The response should contain all of the records, copied exactly, and none of the images.
MATERIAL TO PROCESS section start
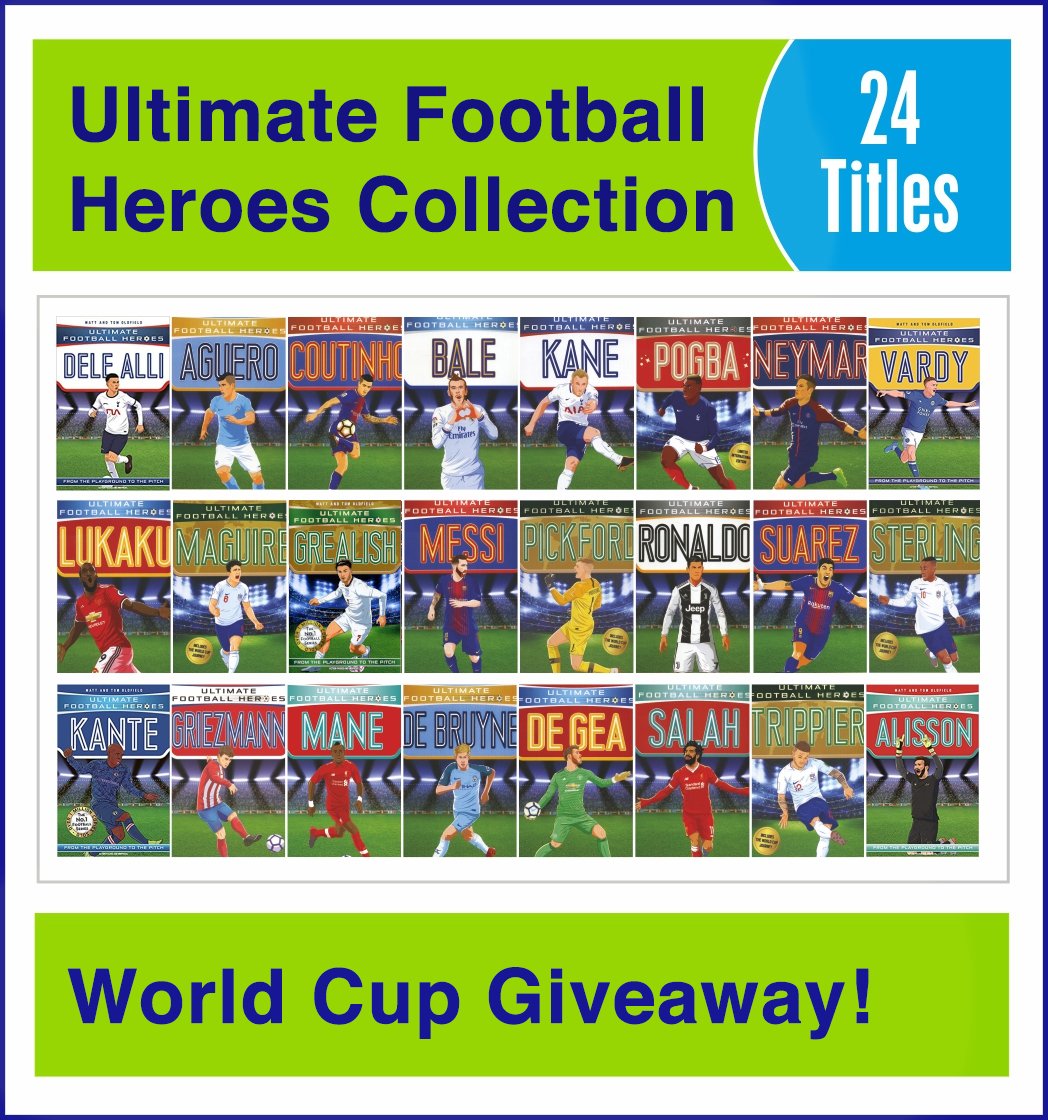 Laburnum House Educational (@houselaburnum) on Twitter photo Win 24 books!
⚽️⚽️⚽️
For your chance to win our bestselling Ultimate Football Heroes Collection, just follow us and share this tweet by 10am on 14/11/22.
To be eligible for this prize you must work at a UK school. The prize can only be delivered to a UK school.
#WorldCup2022 Win 24 books!
⚽️⚽️⚽️
For your chance to win our bestselling Ultimate Football Heroes Collection, just follow us and share this tweet by 10am on 14/11/22.
To be eligible for this prize you must work at a UK school. The prize can only be delivered to a UK school.
#WorldCup2022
MATERIAL TO PROCESS section end
= OUTPUT FOR THIS TASK =
 Laburnum House Educational (@houselaburnum) on Twitter photo Win 24 books!
⚽️⚽️⚽️
For your chance to win our bestselling Ultimate Football Heroes Collection, just follow us and share this tweet by 10am on 14/11/22.
To be eligible for this prize you must work at a UK school. The prize can only be delivered to a UK school.
#WorldCup2022 Win 24 books!
⚽️⚽️⚽️
For your chance to win our bestselling Ultimate Football Heroes Collection, just follow us and share this tweet by 10am on 14/11/22.
To be eligible for this prize you must work at a UK school. The prize can only be delivered to a UK school.
#WorldCup2022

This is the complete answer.